[Data under study]

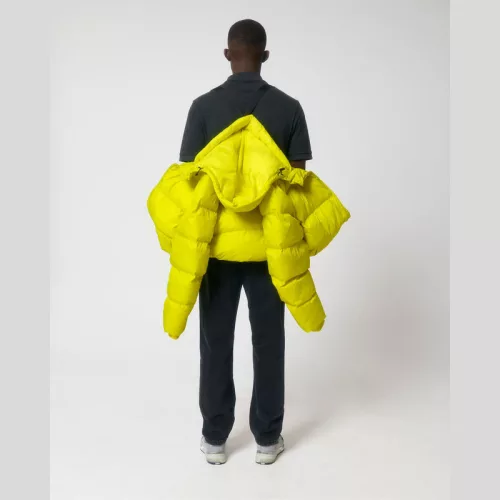 Puffer oversized pufi dzseki (3XL, Lime Flash)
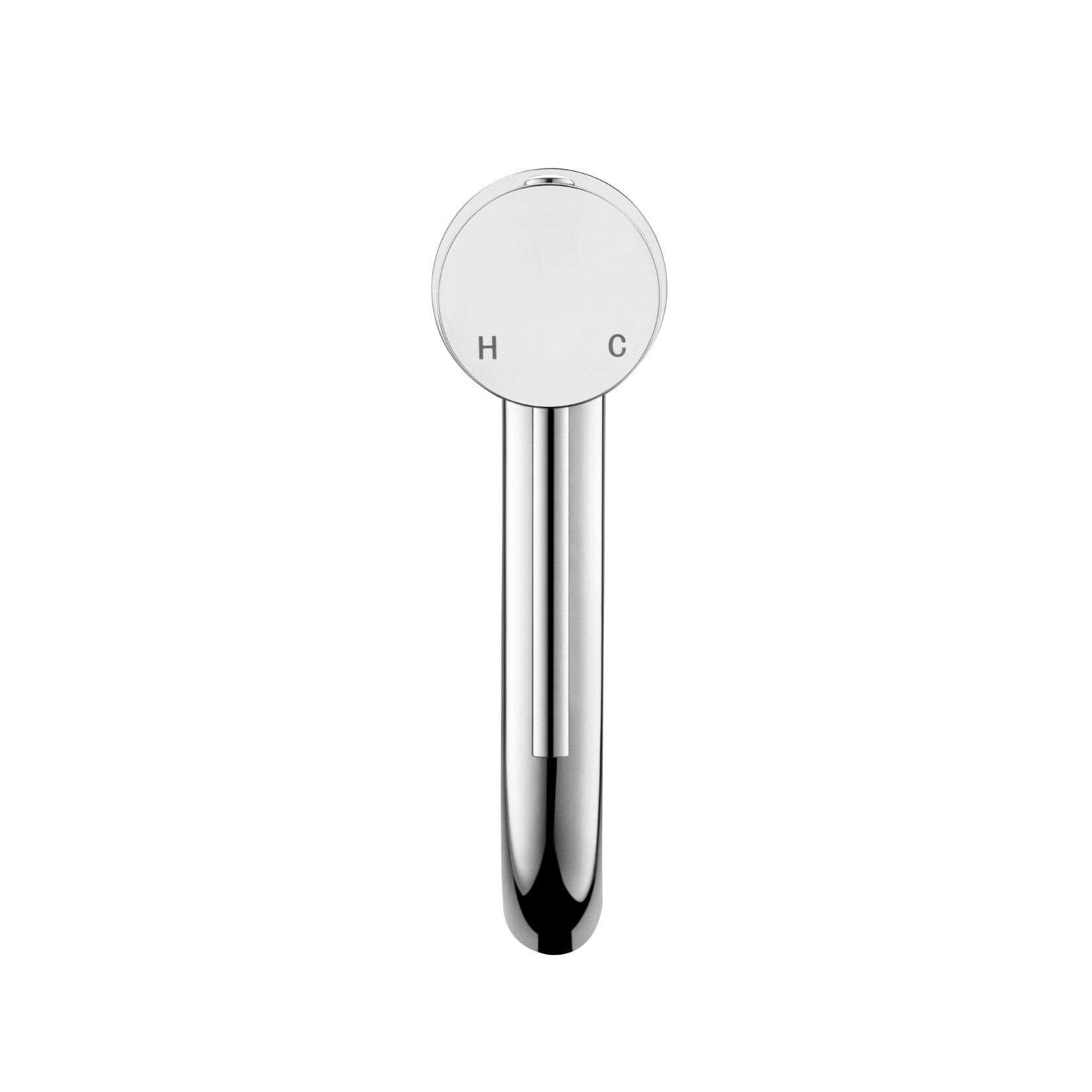 CLIO Round Basin Mixer Chrome Tapware Arova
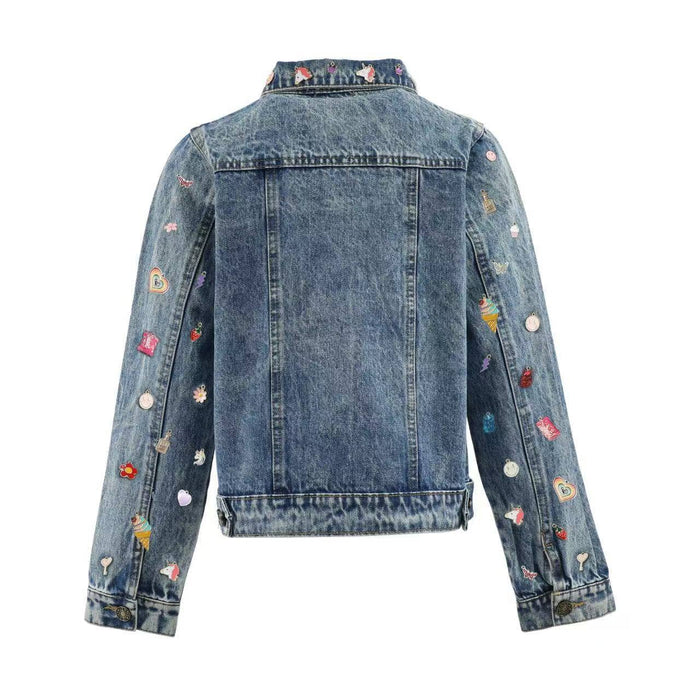Cutie Charms Denim Jacket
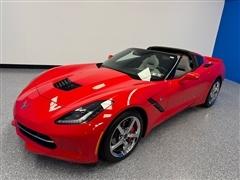 2014 Chevrolet Corvette Stingray 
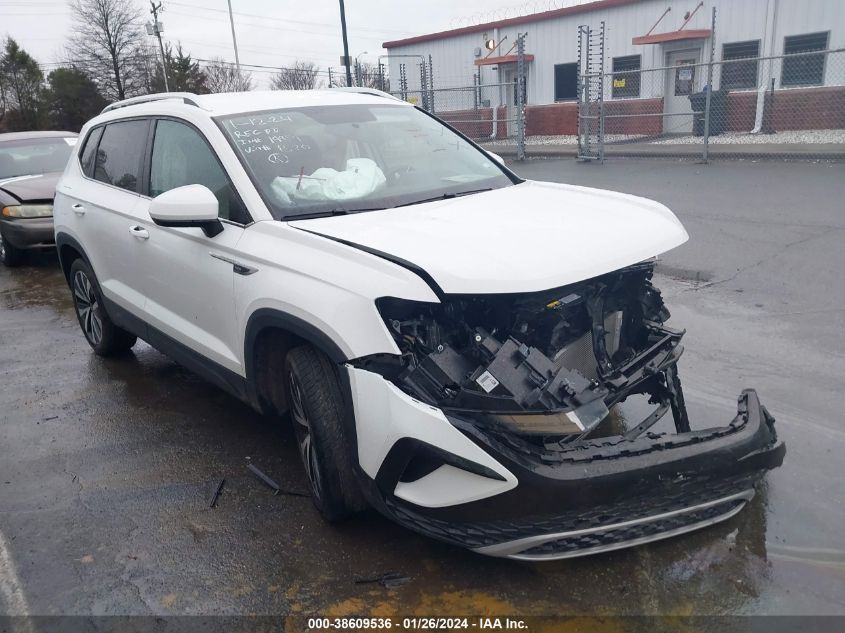 2022 VOLKSWAGEN TAOS 1.5T SE - 3VVRX7B20NM081520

[Assignment] A word-for-word copy of the records is required. Leave out every picture.

[Answer area]
 Puffer oversized pufi dzseki (3XL, Lime Flash)
 CLIO Round Basin Mixer Chrome Tapware Arova
Cutie Charms Denim Jacket
 2014 Chevrolet Corvette Stingray 
 2022 VOLKSWAGEN TAOS 1.5T SE - 3VVRX7B20NM081520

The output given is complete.